选取颗粒饱满的苜蓿种子,利用75%的酒精和0.1%的HgCl2溶液分别消毒1和10min,无菌水清洗3~5次,用灭菌滤纸吸干种子上的多余水分,置于1/2MS培养基中萌发。切取7d龄无菌苗的下胚轴作为受体材料,预培养3d后,将其浸泡于活化的农杆菌菌液中侵染15min,在共培养培养基中避光生长3~5d。形成愈伤组织后,经分化筛选培养和生根培养得到紫花苜蓿抗性转化植株。待再生苜蓿根与地上部分均长至10cm左右时,移入营养土中继续培养。

1.2.4 转化植株的检测设计1对引物[aacC1F:5′-GGATCGTCACCGTAATCTGCT-3′和 aacC1R:5′-GCTCCGTAGTAAGACATTCATCG-3′],用于扩增载体中的庆大霉素抗性基因aacC1,扩增长度为246bp。以转基因抗性苜蓿的基因组DNA作为模板,质粒pPZP221和野生型紫花苜蓿基因组DNA为阳性和阴性对照,进行PCR扩增和电泳分析。PCR反应体系为25μL,内含2mmol/L Mg2+、200μmol/L dNTPs、引物各1.0 μmol/L,Taq DNA聚合酶1.0U,20ng模板。PCR反应程序为94℃预变性5min;然后94℃变性20s,55℃退火20s,72°C延伸20s,共35个循环。

提取转化植株总RNA,反转录合成cDNA,利用NCF和NCR引物扩增目的基因。质粒pPZP221-NtCIPK2和野生型紫花苜蓿cDNA用作阳性对照和阴性对照。PCR体系和反应条件与NtCIPK2基因克隆相同,通过1%琼脂糖凝胶电泳分析扩增产物。

检测实验重复3次,以确定NtCIPK2基因在苜蓿中的整合及表达。

2 结果与分析

2.1 NtCIPK2基因CDS的获得

以唐古特白刺cDNA作为模板进行PCR扩增,获得1条1362bp的DNA片段,与预期结果相符(图1)。将PCR产物切胶回收,连接到载体pMD-19T上,转化大肠杆菌,阳性克隆进一步测序验证。测序结果表明该片段与GenBank中公布的序列完全一致,成功的克隆获得NtCIPK2的CDS。

2.2 植物表达载体pPZP221-NtCIPK2的鉴定

以pPZP221为基本骨架,通过双酶切切出的末端之间的连接将外源基因NtCIPK2插入其中,获得植物表达载体pPZP221-NtCIPK2(图2)。提取重组质粒,应用NCF和NCR引物进行PCR扩增,结果显示均扩增出1350bp左右的预期片段(图3);同时对重组质粒进行双酶切鉴定,电泳分析表明重组质粒可以切出两个片段,大片段为载体序列,约为9.8kb,小片段为NtCIPK2基因,约为1.4kb(图4)。

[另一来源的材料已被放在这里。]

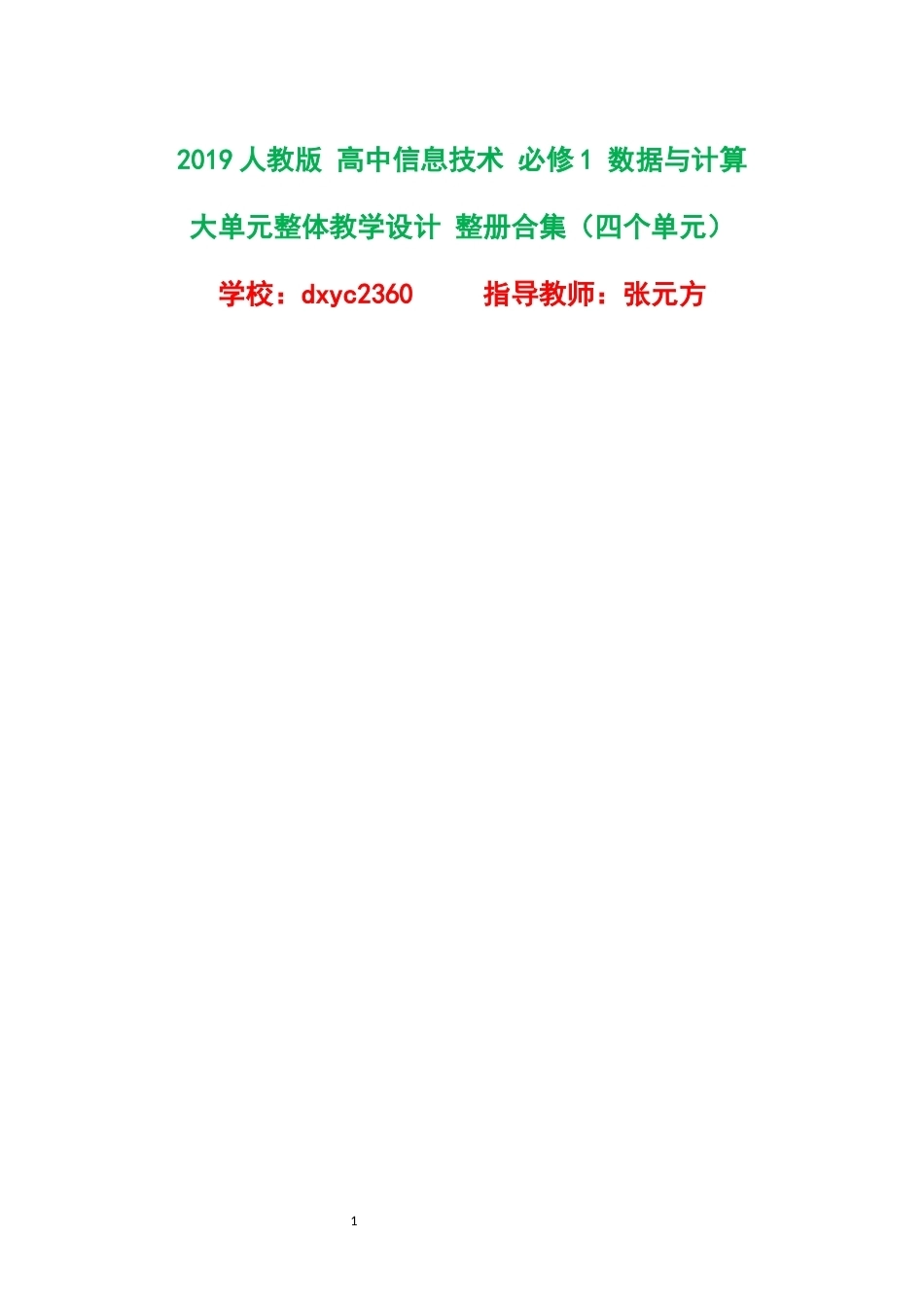 2019人教版高中信息技术必修1数据与计算大单元整体教学设计整册合集四个单元.docx_第1页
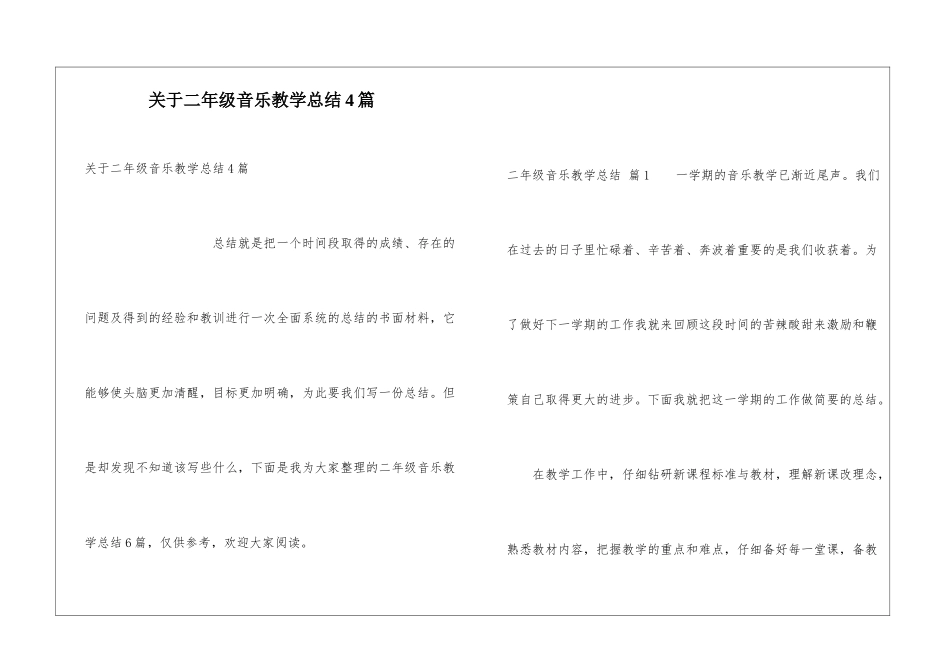 关于二年级音乐教学总结4篇_第1页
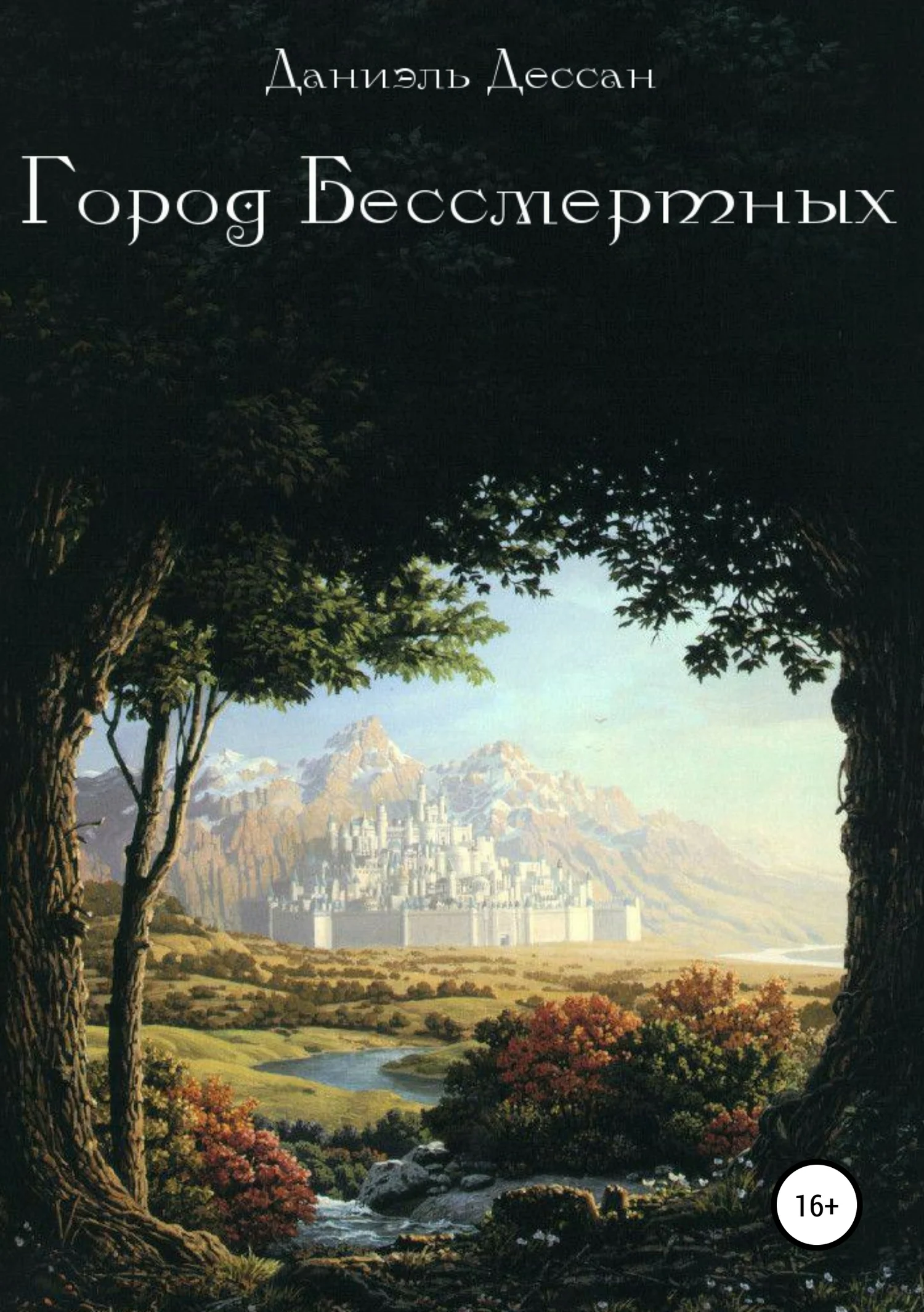 Обложка Книга первая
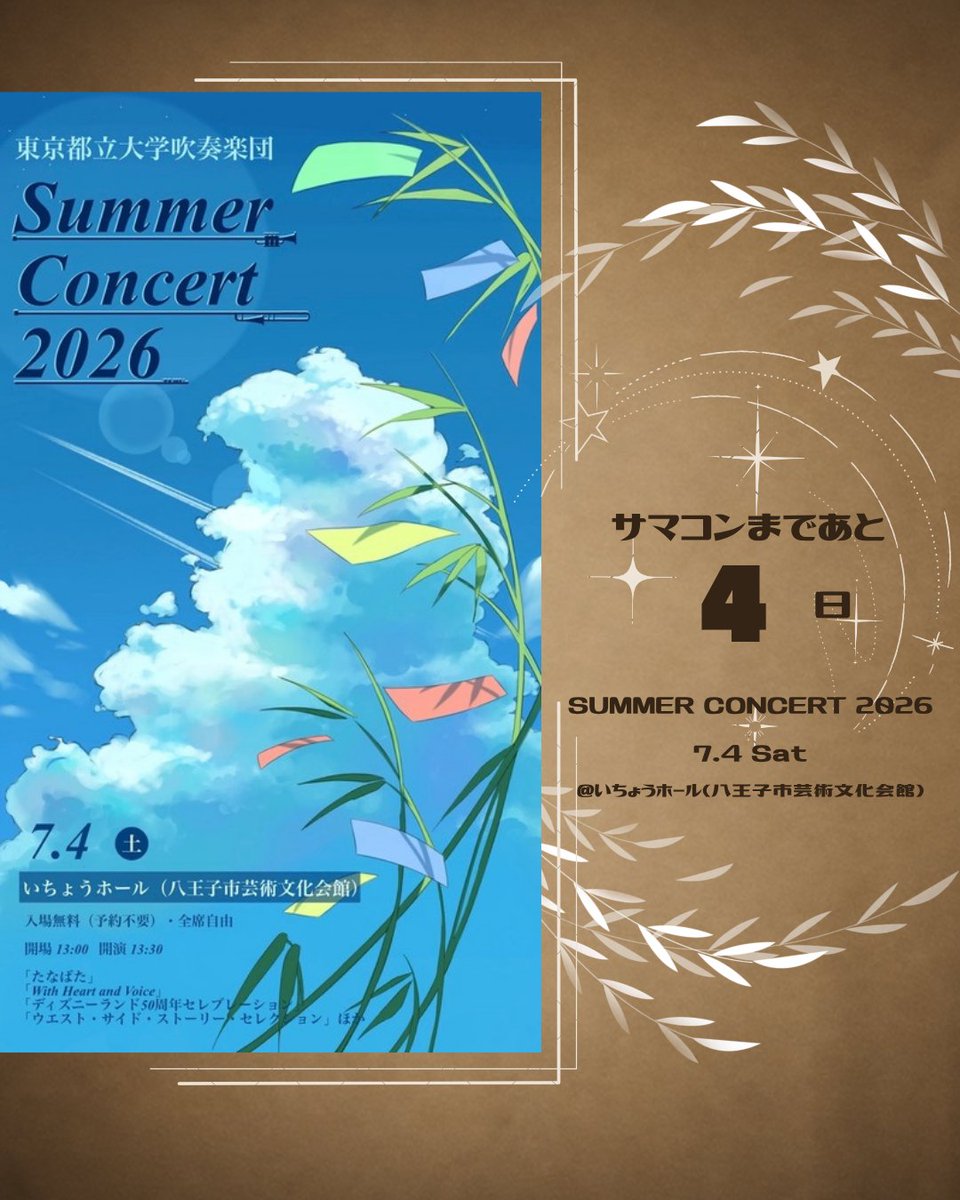 tmu_wind's tweet photo. 【サマコンまであと4日🎋】
▶立て看板
第1部で演奏する「あの曲」を彷彿とさせる、大きな入道雲と風に揺れる笹飾りで、この季節ならではの景色を表現しました🎋✨
夏を感じられるような爽やかなデザインに仕上げています！
サマーコンサート当日も会場に展示されますので、ぜひ近くでご覧ください！ https://t.co/VCXjpdu9yj
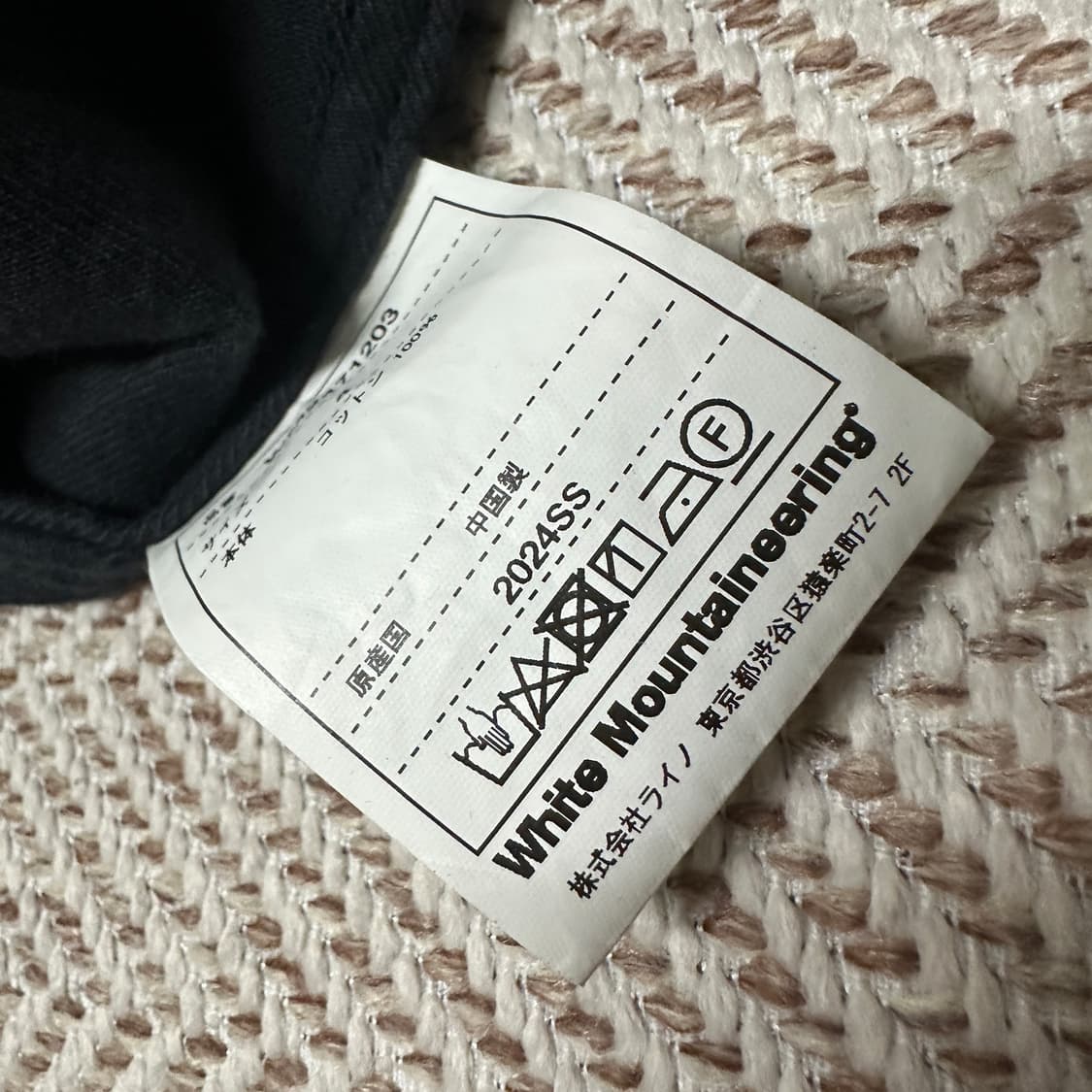 WHITE MOUNTAINEERING work denim jacket 상품이미지3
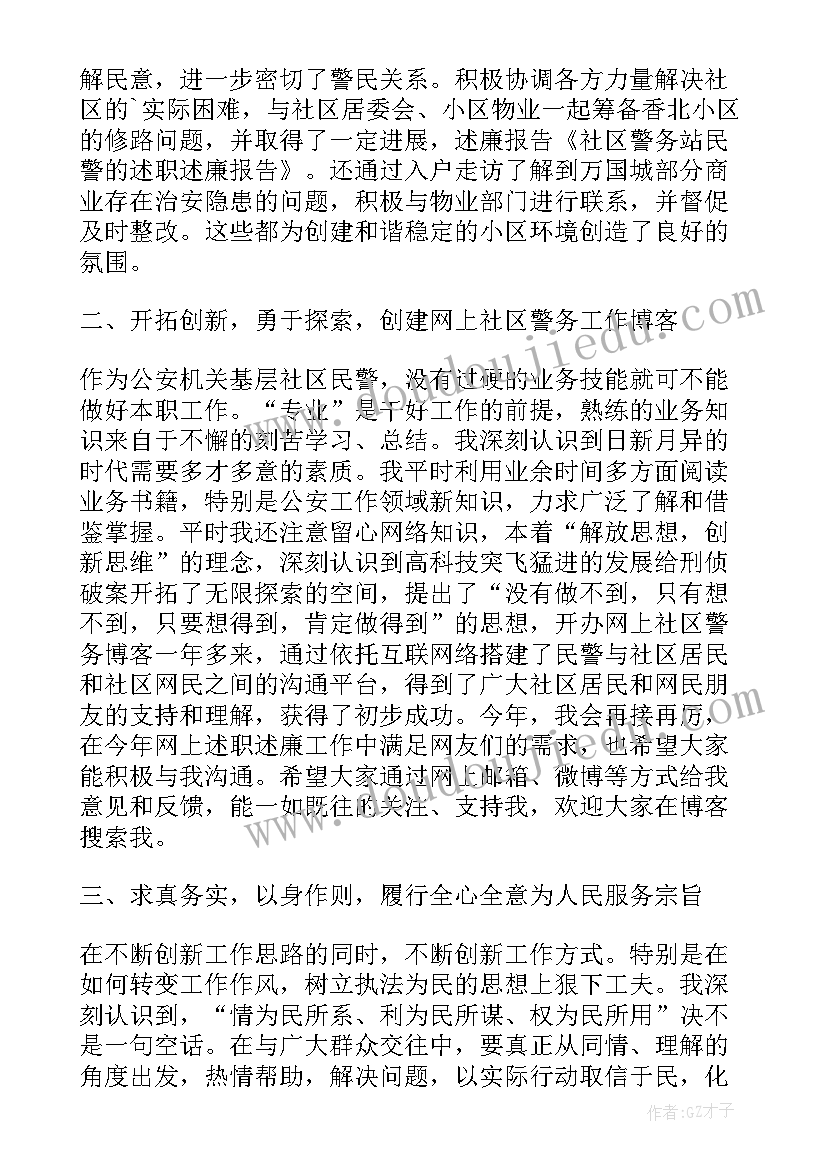 2023年交通民警个人工作总结 社区警务工作站民警个人述职报告(优秀5篇)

图1 NtCIPK2基因CDS的PCR扩增Fig.1 PCR amplification of NtCIPK2CDS

图2 植物表达载体pPZP221-NtCIPK2质粒图谱Fig.2 Map of plant transformation vector pPZP221-NtCIPK2

2.3 农杆菌转化

随机挑取5个转化菌落进行PCR鉴定,均可扩增出目的条带(图5),表明载体pPZP221-NtCIPK2已成功转入农杆菌,可用于后续苜蓿的转化。

2.4 紫花苜蓿抗性转化植株的获得

将预培养的紫花苜蓿下胚轴,加入活化的农杆菌中侵染15min,共培养3d后,在愈伤组织诱导培养基上生长15d左右,形成愈伤组织(图6A),将浅黄色的愈伤组织分别接入分化培养基中继续培养,直至绿色再生芽产生(图6B),最后切下再生芽转入生根培养基中生成再生植株(图6C),经炼苗移栽至营养土中继续培养(图6D)。

2.5 再生植株的检测

对获得的7株抗性幼苗进行庆大霉素抗性基因aacC1的鉴定,PCR产物电泳分析表明所有幼苗均克隆得到长约250bp的条带,与预期结果相符(图7),证明外源基因确已整合到紫花苜蓿基因组中。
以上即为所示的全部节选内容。